Data to use:
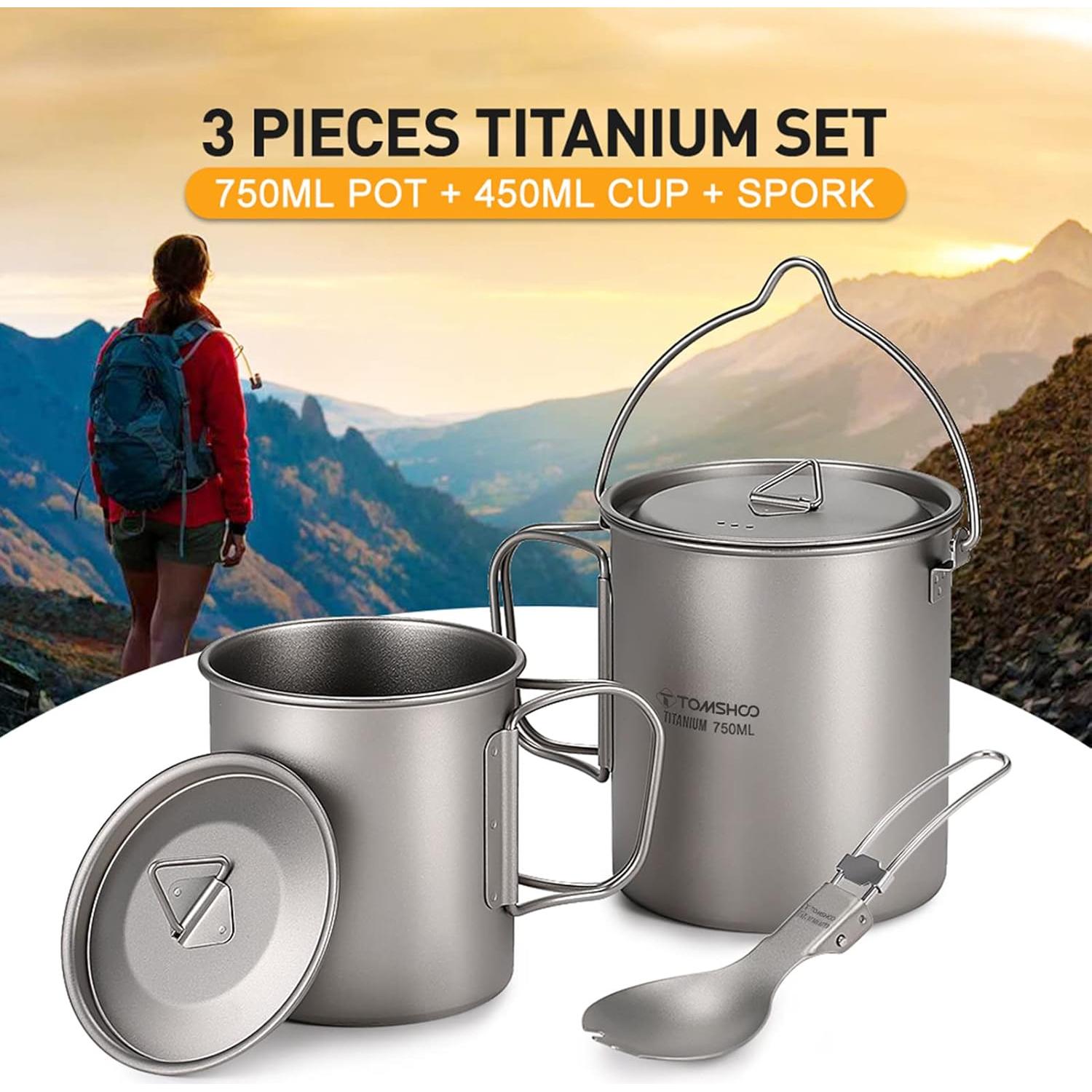 Olla de Titanio TOMSHOO 750mL con Taza y Cuchara Plegable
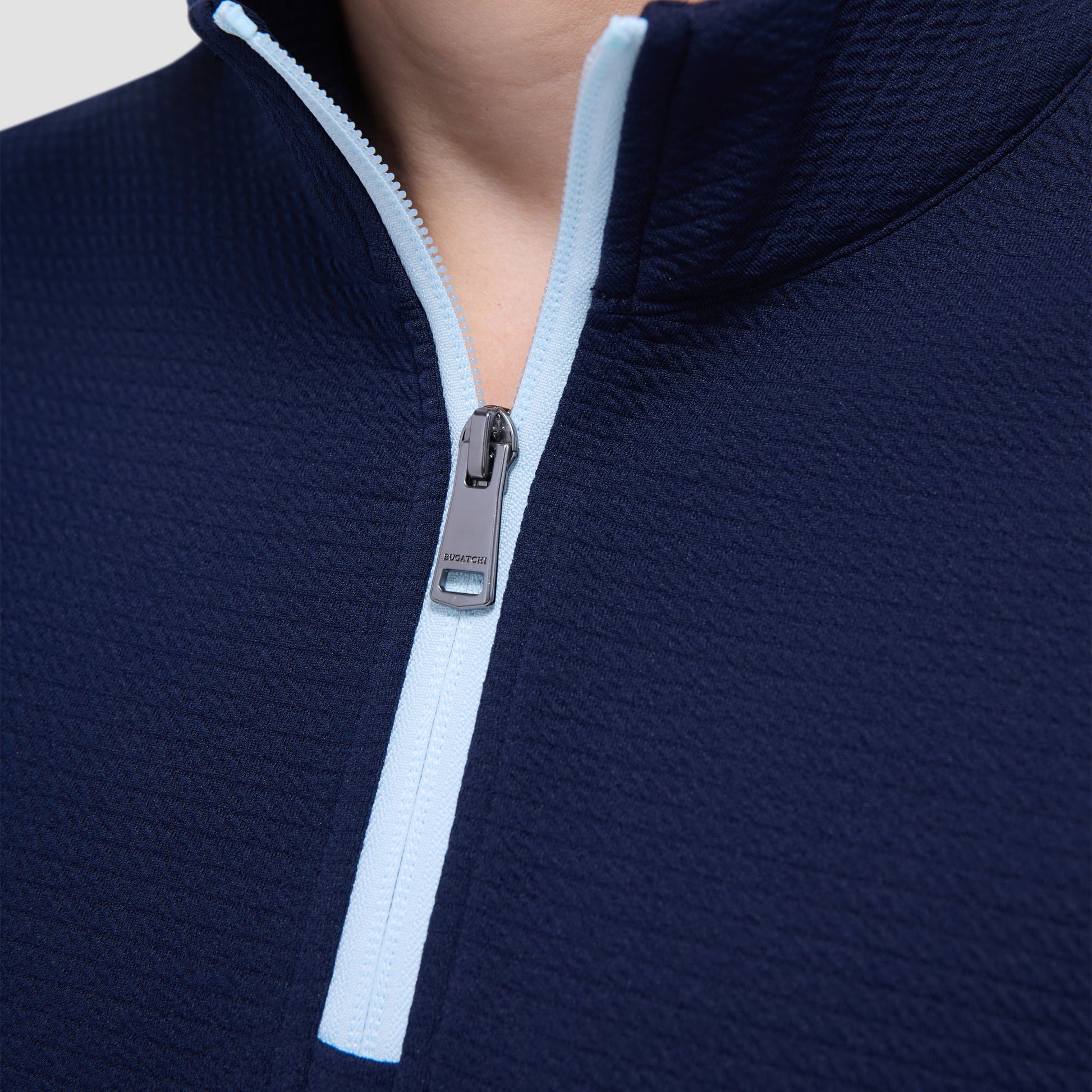 Bugatchi Textured Performance Quarter-Zip Pullover Navy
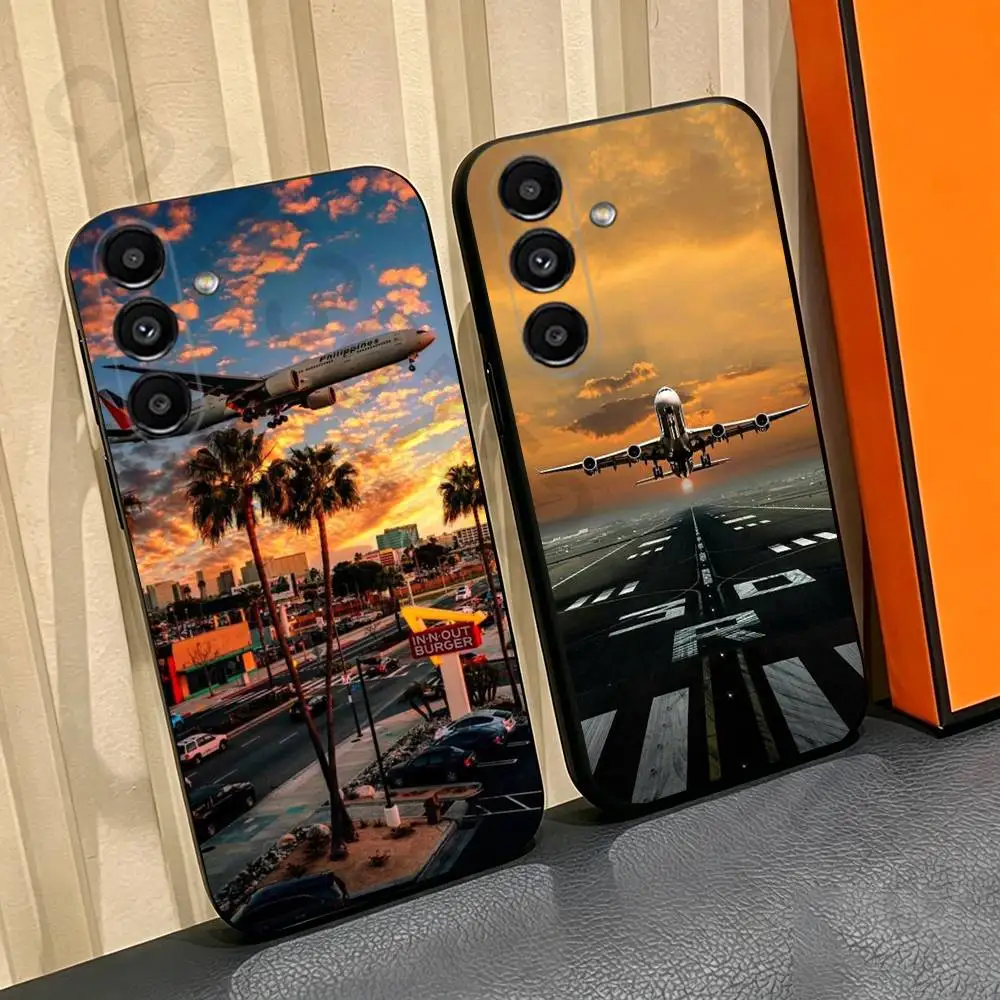 aircraft airport runway Phone Case For Samsung Galaxy A13,A21s,A22,A31,A32,A52,A53,A71,A80,Soft Black Shell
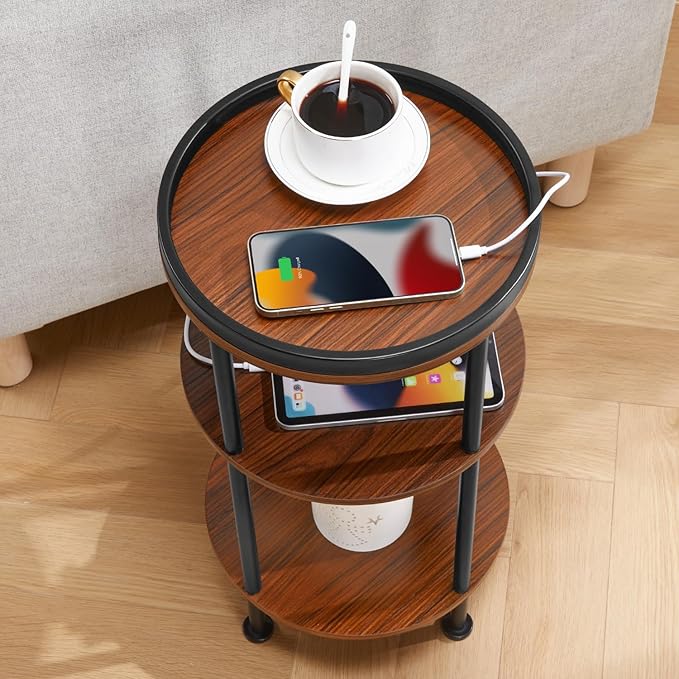Small Round Side Table with Charging Station for Small Spaces, 3-Tier Accent Table with USB Ports & Power Outlets, Sofa Corner Tea Table for Living Room Nightstand Bedroom Apartment (USB, Cherry)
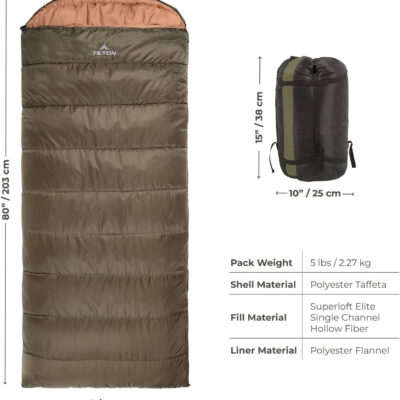 Teton Celsius Regular, -25F, 20F, 0F Degree Sleeping Bags, All Weather Bag for Adults and Kids, Camping Made Easy and Warm, Travel Sack Included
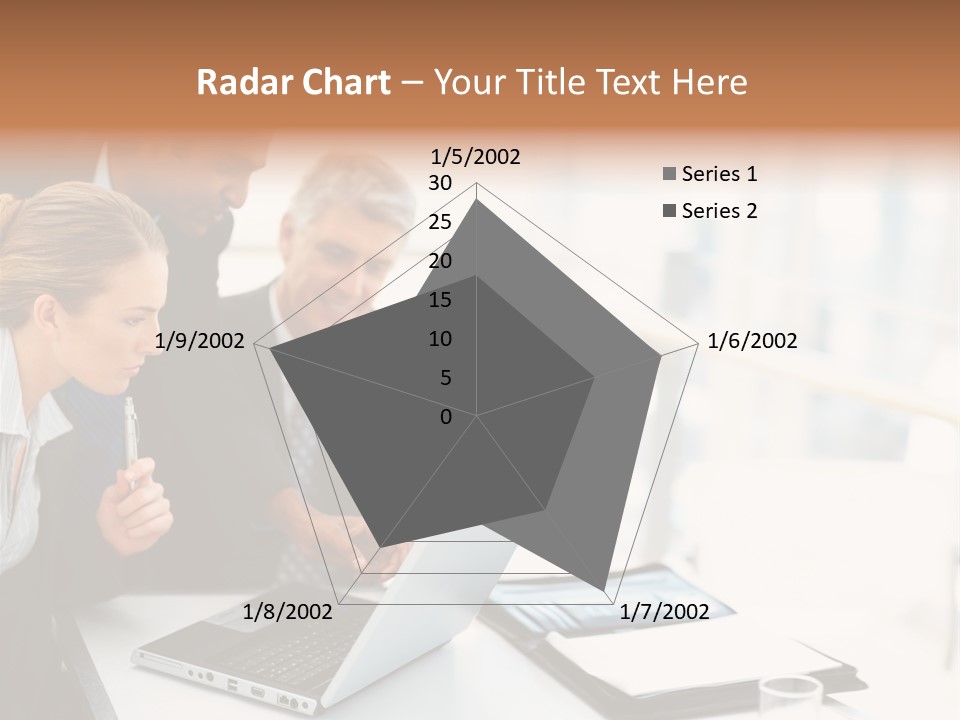 A Group Of Business People Looking At A Laptop PowerPoint Template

Task instructions:
Would you please output only the lines from the start of the material above up to and including the line with "Small Round Side", exactly as they appear and without pictures?

Answer to the problem:
 Olla de Titanio TOMSHOO 750mL con Taza y Cuchara Plegable
 Bugatchi Textured Performance Quarter-Zip Pullover Navy
 aircraft airport runway Phone Case For Samsung Galaxy A13,A21s,A22,A31,A32,A52,A53,A71,A80,Soft Black Shell
Small Round Side Table with Charging Station for Small Spaces, 3-Tier Accent Table with USB Ports & Power Outlets, Sofa Corner Tea Table for Living Room Nightstand Bedroom Apartment (USB, Cherry)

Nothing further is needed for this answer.